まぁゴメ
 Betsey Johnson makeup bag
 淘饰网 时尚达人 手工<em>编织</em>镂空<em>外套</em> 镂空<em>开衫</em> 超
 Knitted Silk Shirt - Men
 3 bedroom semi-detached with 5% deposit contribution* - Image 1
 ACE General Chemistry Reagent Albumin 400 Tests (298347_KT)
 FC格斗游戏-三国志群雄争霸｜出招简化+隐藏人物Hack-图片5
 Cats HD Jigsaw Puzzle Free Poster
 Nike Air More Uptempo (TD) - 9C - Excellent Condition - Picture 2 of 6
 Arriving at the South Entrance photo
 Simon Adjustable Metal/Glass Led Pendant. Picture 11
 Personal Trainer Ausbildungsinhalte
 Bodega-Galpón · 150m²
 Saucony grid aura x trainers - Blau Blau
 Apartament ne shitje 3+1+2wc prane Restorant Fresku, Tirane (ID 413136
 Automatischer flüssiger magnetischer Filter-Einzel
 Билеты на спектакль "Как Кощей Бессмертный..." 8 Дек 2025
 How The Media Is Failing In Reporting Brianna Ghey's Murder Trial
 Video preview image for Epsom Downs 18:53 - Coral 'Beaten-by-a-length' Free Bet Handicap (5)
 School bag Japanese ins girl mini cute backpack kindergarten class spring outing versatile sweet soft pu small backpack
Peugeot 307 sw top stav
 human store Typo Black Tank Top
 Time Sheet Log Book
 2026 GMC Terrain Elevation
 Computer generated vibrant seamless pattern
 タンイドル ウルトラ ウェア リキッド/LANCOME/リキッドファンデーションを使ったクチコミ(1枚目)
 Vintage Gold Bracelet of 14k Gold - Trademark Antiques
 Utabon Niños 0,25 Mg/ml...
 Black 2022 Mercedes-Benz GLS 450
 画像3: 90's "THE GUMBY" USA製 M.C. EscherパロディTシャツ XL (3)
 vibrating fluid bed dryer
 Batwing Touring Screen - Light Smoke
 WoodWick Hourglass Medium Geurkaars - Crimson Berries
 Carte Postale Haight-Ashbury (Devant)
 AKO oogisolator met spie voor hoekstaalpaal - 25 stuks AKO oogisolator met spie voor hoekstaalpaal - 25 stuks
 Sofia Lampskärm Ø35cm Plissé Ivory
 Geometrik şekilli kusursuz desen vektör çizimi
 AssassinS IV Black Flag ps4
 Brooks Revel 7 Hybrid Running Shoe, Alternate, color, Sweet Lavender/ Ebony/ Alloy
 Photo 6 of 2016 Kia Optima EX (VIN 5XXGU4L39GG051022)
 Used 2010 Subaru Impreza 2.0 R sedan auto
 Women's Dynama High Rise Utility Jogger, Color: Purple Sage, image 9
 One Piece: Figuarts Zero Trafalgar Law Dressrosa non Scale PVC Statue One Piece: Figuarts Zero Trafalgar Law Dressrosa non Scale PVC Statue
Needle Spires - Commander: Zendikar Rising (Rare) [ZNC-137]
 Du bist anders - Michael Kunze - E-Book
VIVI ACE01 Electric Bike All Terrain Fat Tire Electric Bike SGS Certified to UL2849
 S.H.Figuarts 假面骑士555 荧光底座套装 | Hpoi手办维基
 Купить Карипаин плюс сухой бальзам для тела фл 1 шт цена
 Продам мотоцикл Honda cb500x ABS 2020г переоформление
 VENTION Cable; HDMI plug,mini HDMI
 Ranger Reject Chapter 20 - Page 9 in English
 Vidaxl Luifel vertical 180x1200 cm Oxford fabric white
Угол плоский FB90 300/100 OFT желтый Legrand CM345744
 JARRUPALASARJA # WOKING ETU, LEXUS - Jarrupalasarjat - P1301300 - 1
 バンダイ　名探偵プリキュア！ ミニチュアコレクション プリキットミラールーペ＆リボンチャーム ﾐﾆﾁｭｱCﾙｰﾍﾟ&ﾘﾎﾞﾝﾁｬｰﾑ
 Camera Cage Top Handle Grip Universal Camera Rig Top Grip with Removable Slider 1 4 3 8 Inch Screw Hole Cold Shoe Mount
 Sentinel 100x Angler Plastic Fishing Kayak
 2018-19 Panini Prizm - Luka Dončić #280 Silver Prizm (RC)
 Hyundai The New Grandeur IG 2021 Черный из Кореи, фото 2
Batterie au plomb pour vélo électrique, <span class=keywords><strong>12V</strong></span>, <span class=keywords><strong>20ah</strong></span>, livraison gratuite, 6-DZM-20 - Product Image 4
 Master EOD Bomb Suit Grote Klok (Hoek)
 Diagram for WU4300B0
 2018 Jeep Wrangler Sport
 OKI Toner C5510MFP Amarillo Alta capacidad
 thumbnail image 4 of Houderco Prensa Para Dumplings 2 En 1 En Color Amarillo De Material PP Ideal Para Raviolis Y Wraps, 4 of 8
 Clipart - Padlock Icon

__________

_WHAT TO WORK ON_: After locating the line holding "Vintage Gold Bracelet" above, output exactly that line and every line after it through the line holding "Used 2010 Subaru Impreza 2.0 R sedan auto". Include nothing else.

_SOLUTION TO THIS PROBLEM_:
 Vintage Gold Bracelet of 14k Gold - Trademark Antiques
 Utabon Niños 0,25 Mg/ml...
 Black 2022 Mercedes-Benz GLS 450
 画像3: 90's "THE GUMBY" USA製 M.C. EscherパロディTシャツ XL (3)
 vibrating fluid bed dryer
 Batwing Touring Screen - Light Smoke
 WoodWick Hourglass Medium Geurkaars - Crimson Berries
 Carte Postale Haight-Ashbury (Devant)
 AKO oogisolator met spie voor hoekstaalpaal - 25 stuks AKO oogisolator met spie voor hoekstaalpaal - 25 stuks
 Sofia Lampskärm Ø35cm Plissé Ivory
 Geometrik şekilli kusursuz desen vektör çizimi
 AssassinS IV Black Flag ps4
 Brooks Revel 7 Hybrid Running Shoe, Alternate, color, Sweet Lavender/ Ebony/ Alloy
 Photo 6 of 2016 Kia Optima EX (VIN 5XXGU4L39GG051022)
 Used 2010 Subaru Impreza 2.0 R sedan auto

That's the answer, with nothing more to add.